Sem cairmos em biografismos primários, este percurso biográfico condicionou enormemente e de forma indelével a sua escrita, quer ao nível estilístico e compositivo, quer no domínio das linhas temáticas dominantes e a respetiva mundividência geral Biografia e texto interpenetram-se - para retomar um subtítulo seu, pode afirmar-se que em muita da sua criação literária elabora-se um circuito que vai "da biografia no texto ao texto da biografia".

Com efeito, ao estudar e trabalhar em Inglaterra e em França; e ao lecionar Inglês e Português em Angola, Goa, Macau e Pequim, Maria Ondina traçou um percurso de vida que modelou necessariamente a obra criada. Este itinerário de vida tão diverso, incluindo outras cidades e territórios (como Lisboa), projeta-se nas obras através de uma experiência intensamente vivida; e reflete-se na trajetória plural de muitas das suas personagens, que vão deambulando de lugar em lugar, numa assinalável itinerância, passível de leituras também elas plurais.
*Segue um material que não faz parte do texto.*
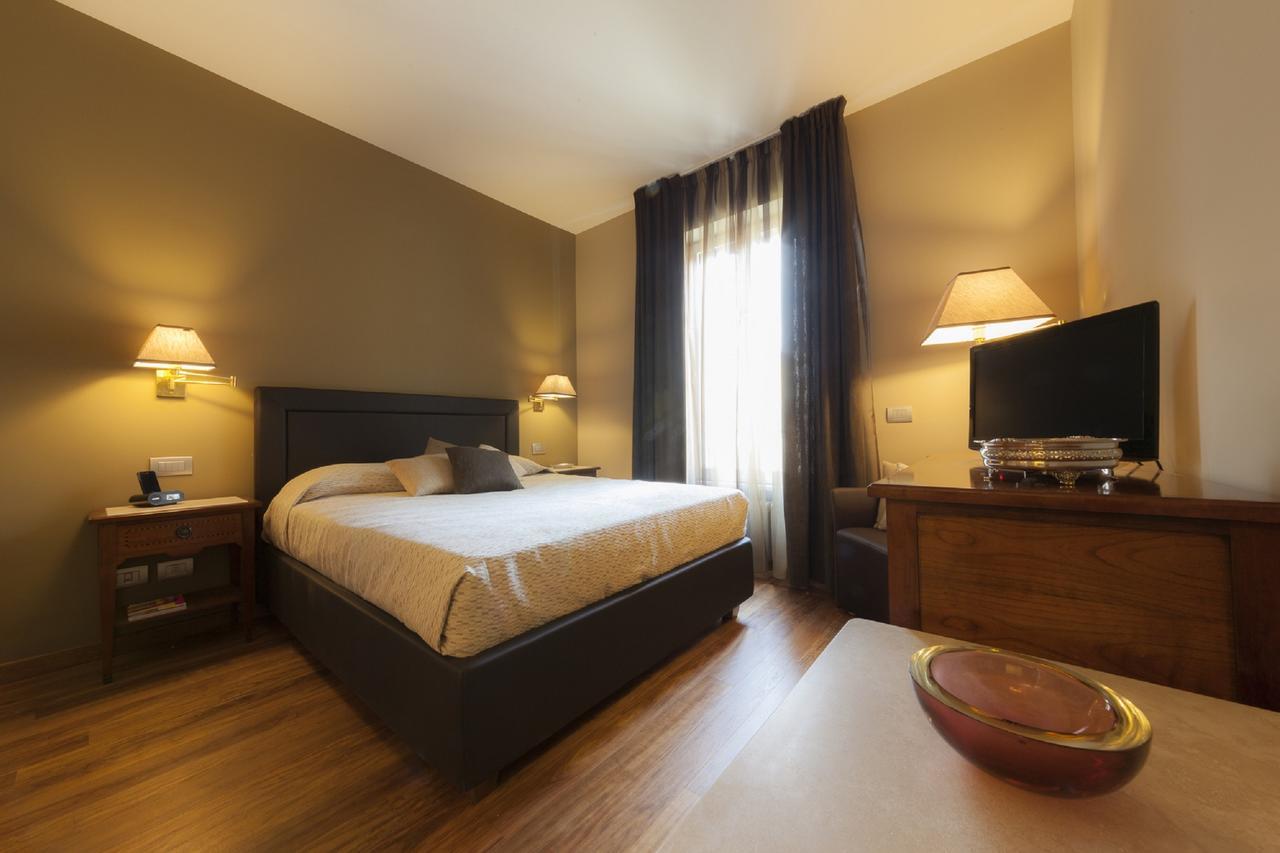 Bronzino House Bed & Breakfast Милано Екстериор снимка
Necessariamente, esse rico capital de experiências e de culturas imprime à sua escrita um desenho ímpar no panorama da literatura portuguesa da segunda metade do séc. XX, quer na pintura dos ambientes, quer na composição de personagens, quer na caracterização de costumes e de tradições, definindo figuras, atmosferas e um modus vivendi plural e cosmopolita. Como assinalado por Paula Morão (1995: 745), no universo de Maria Ondina, a itinerância é a forma de uma personagem se contar a si mesma "ao narrar o mundo". De uma escritora admirada, Gabriela Mistral, escreverá a autora: "(...) há no seu temperamento outra característica: a mobilidade. Herança paterna? Não cria raízes em nenhum lugar, muda-se constantemente". Em comum com essa e outras escritoras da sua predileção, também Maria Ondina Braga tem "experiência do mundo".

Curiosamente, ou não, nessas "vagabundagens pelo mundo" (expressão de Estátua de Sal) sobressai a ausência do exotismo tradicional ou de uma visão mitificada, eurocêntrica e "familiar" do Oriente (cf. Said, 2004). Maria Ondina tem plena consciência da "construção colonial do cultural", típica de uma visão imperialista do Ocidente (Bhabha, 2007: 188). Em todo o caso, isso não impede o poder de sedução das finas e coloridas aguarelas de muitas das suas páginas. Por tudo isto, ao prefaciar Estátua de Sal, Tomaz de Figueiredo refere que, após tantas viagens, a escritora tem "a memória a latejar-lhe de recordações", com histórias e imagens onde pulula "o mundo, várias gentes e várias almas, várias crenças, vários amores".

No romance mencionado afirma-se expressamente essa fecunda errância: "Palmilhei capitais europeias. Sonhei nas terras úberes de África os mais puros, os mais ardentes sonhos telúricos. Nasci numa cidade pequena com pedras do tempo dos romanos e Nossas Senhoras de todos os nomes. E não posso esque-cer Paris - a beleza, a grandeza, a sedução espiritual de Paris. Tenho de lembrar o perfil dos monumentos de Londres por entre os véus de nevoeiro ou o chovisco gelado. Necessito naturalmente de confrontar Angola com Macau para saber que há vida e saber que há morte. Mas, acima de tudo, desejo recordar a minha terra, as pessoas e os lugares que amei, outros passos...".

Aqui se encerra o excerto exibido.